Henri LANGLOIS

Un cousin célèbre, Henri LANGLOIS

Henri LANGLOIS

Henri LANGLOIS 1914-1977

Enfin, peut-être pas si célèbre que ça... Henri LANGLOIS est surtout connu des cinéphiles : il a été un des fondateurs de la Cinémathèque Française, en 1936, et il en est resté la figure emblématique et le principal animateur pendant 40 ans, jusqu'à sa mort début 1977.

En 2014, de nombreux articles ont été publiés sur Henri LANGLOIS, à l’occasion du centenaire de sa naissance. Certains ont signalé que son grand-père était originaire de l’Anjou, ce qui m’a mis sur la piste de sa parenté avec les MERCIER du Lion-d’Angers.

Du Lion-d'Angers à la Cinémathèque Française

Pour préciser la parenté entre les MERCIER et le fondateur de la Cinémathèque Française, nous allons nous intéresser à la descendance de Louise MERCIER, une des quatre sœurs du dernier aubergiste du Lion-d’Angers, François III MERCIER.

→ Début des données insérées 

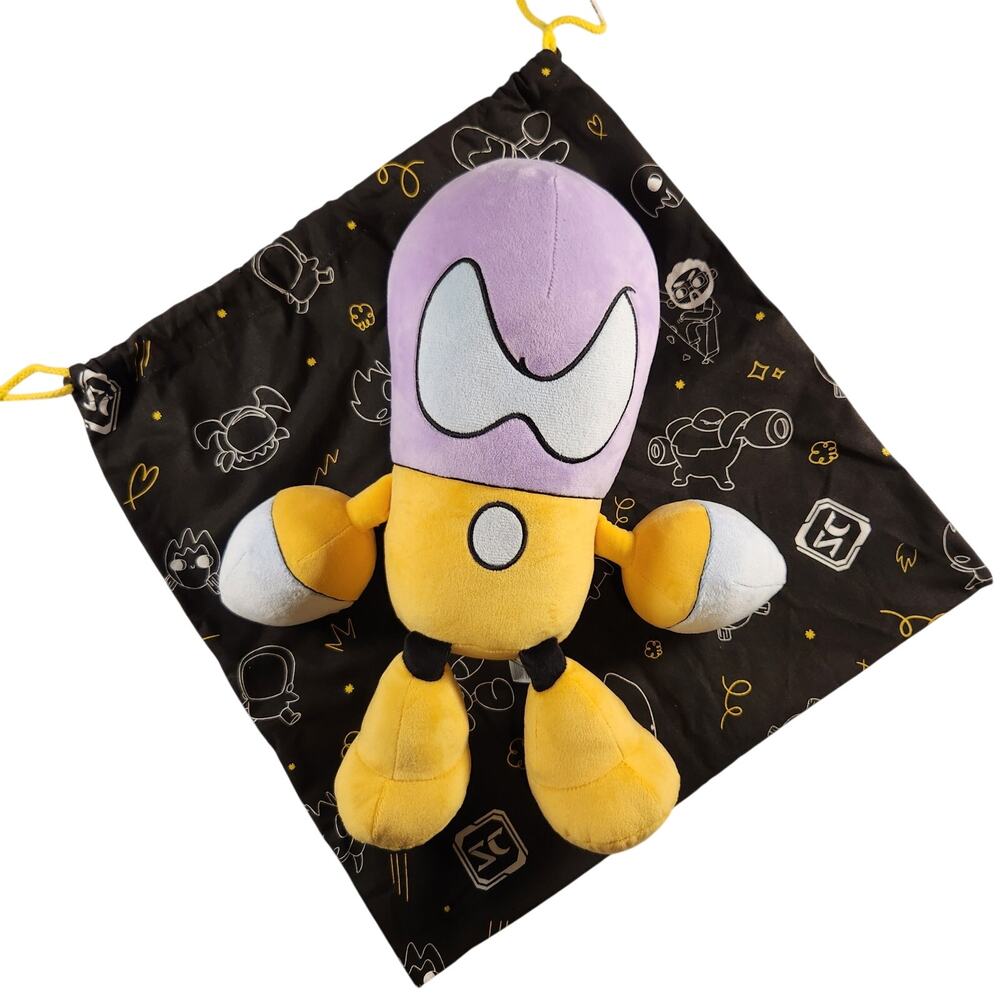 Blizzard x Makeship StarCraft Carbot Zealot Plush Limited Edition 2021 (1/5970)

Les sœurs du dernier aubergiste

Fin 1787, Louise MERCIER a épousé Ferdinand LANGLOIS, un chirurgien. Au XVIIIe siècle, c'était une sorte d'intermédiaire entre infirmier et médecin, bien différent du spécialiste hautement qualifié d’aujourd’hui. Les chirurgiens représentaient l’essentiel du personnel médical de l’ancien régime : à la veille de la Révolution, la France en comptait dix fois plus que de médecins (mais comme le disait Montesquieu Ce ne sont pas les médecins qui nous manquent, c'est la médecine).

Le couple n’a eu qu’un enfant, né seulement 7 semaines après la célébration du mariage, et prénommé Ferdinand comme son père. Sa descendance nous mène jusqu'à Henri LANGLOIS, le héros de cette page, comme le montre le schéma suivant :

° = naissance, x = mariage, + = décès

Ferdinand LANGLOIS
° 9.8.1759 Angers
+ 8.3.1794 Angers
Chirurgien
Louise MERCIER
° 15.6.1768 Le Lion-d'Angers
+ 8.12.1818 Angers
Marchande
x 4.12.1787 Le Lion-d'Angers
Ferdinand Édouard LANGLOIS
° 20.1.1788 Le Lion-d'Angers
+ 10.5.1858 Angers
Militaire, Huissier
Thérèse Marie LEMONIER
° 4.2.1791 Angers
+ 18.9.1834 Angers
Marchande
x 19.3.1813 Angers
Gustave I LANGLOIS
° 29.7.1814 Château-Gontier
+ 4.1.1874 Seiches-sur-le-Loir
Marchand
Marie Antoinette LAUMONIER
° 4.3.1820 Beaufort-en-Vallée
+ 6.12.1847 Saumur
 
x 26.9.1841 Beaufort-en-Vallée
Henri I LANGLOIS
° 14.8.1846 Saumur
+ 12.9.1896 Smyrne
Représentant service télégraphique
Catherine DELENDA
° 1858
 
 
x -
Gustave II LANGLOIS
° 05.1.1880 Port Saïd
+ 17.3.1943 Paris-XVIIème
Journaliste, Agent de fabriques
Anne Louise BRAGGIOTTI
° 10.4.1884 Smyrne
+ 15.9.1955 Paris-VIIIème
 
x 10.9.1913 Smyrne
Henri LANGLOIS
° 13.11.1914 Smyrne
+ 13.1.1977 Paris-XIVème
Secrétaire général de la Cinémathèque Française

Une famille voyageuse

Les ancêtres d’Henri LANGLOIS ont suivi un parcours original, puisque pour relier le Lion-d'Angers à Paris, ils sont passés par l’Égypte et la Turquie.

L’Anjou

Jusqu'au grand-père du fondateur de la Cinémathèque, Henri Ier LANGLOIS (1846-1896), tous les membres de la famille ont vécu en Anjou.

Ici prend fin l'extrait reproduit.